I cannot tell you when or where perfectionism grabbed my attention and captivated my interest because I do not know. I am not aware of any one specific person, event or notion that convinced me that life required me to be supreme, ideal and excellent in all things at all times.
Imperfections are Real
Perhaps I wanted to be perfect because I did not like how I felt when I failed. My failures produced feelings of disappointment in me and in others. My teachers showed their sad faces, my mother voiced a few choice words and I felt less than the least of all human beings when I did not make the grade, the mark or win the prize.

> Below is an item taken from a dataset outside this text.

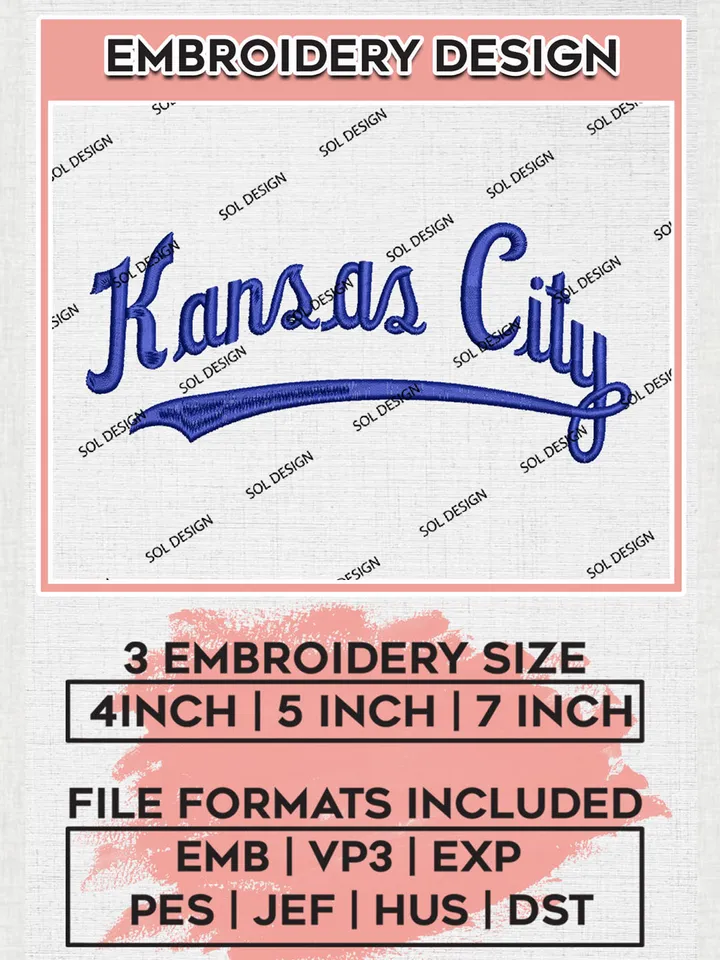 MLB Kansas City Team Wordmark Logo Embroidery Files, MLB Kansas City Royals Team Embroidery, MLB Teams, 3 sizes, MLB Machine embroidery designs, Digital Download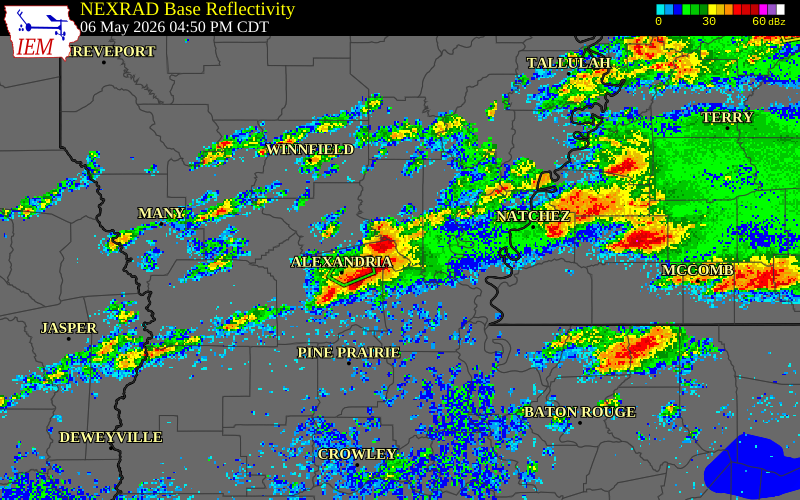 NEXRAD radar during the Wednesday, May 6, 2026 storm activity in Grant Parish, Louisiana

I concluded that if failure was awful, then not failing must be wonderful. And so began my trek toward not failing, also known as being perfect.

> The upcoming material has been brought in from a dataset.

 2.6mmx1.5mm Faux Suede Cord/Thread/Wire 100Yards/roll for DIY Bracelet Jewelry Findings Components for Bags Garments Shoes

First, I began with me and my outward appearance. What was the perfect physique? I chose the image of Twiggy, a model from a teen magazine. She weighed about as much as a twig. Unrealistic? Yes, but nonetheless, I took drastic steps toward this picture perfect figure even after my body was altered by my first pregnancy. Then a concerned friend spoke words to me that made sense. “By the way, need I point out that you are not a twig? Is it not obvious that your body is in the business of bearing children?” And so, I let go of that image and found a better one; me being healthy.
The second icon of perfectionism I adopted was that of the perfect mother. She was calm, cool and collected at all times. She was June Cleaver, the mother on Leave it to Beaver. She was beautiful at all times, content with baking a blue ribbon meatloaf and never ever rolling her eyes at anything her family said or did. I threw this image out our front door twice. Once when our second child was born and the other time when our first born became a teenager. Lucky for my last born, I was much less perfect.
I started out to be the perfect wife, but for some reason it was short lived. Perhaps it is because my husband loved me from the get go. For some reason or another he accepted me in all my non-glory. No one ever explained to me the magical difference love makes in one’s life. Instead, I stumbled upon it, on my own, in our marriage.
Through my season of child bearing and plumpness, despite the rise of impatience and anger while raising Cain, Able and Enoch, and through the years of unbelief in his true love for me, his constant love altered my perception of myself. I really did not have to be perfect. He loved me anyway.
Why bother dethroning perfectionism? Perfectionism is a lot like smoking, it is a slow and painful way to die. Besides, being perfect means we are not really real because real people are really imperfect.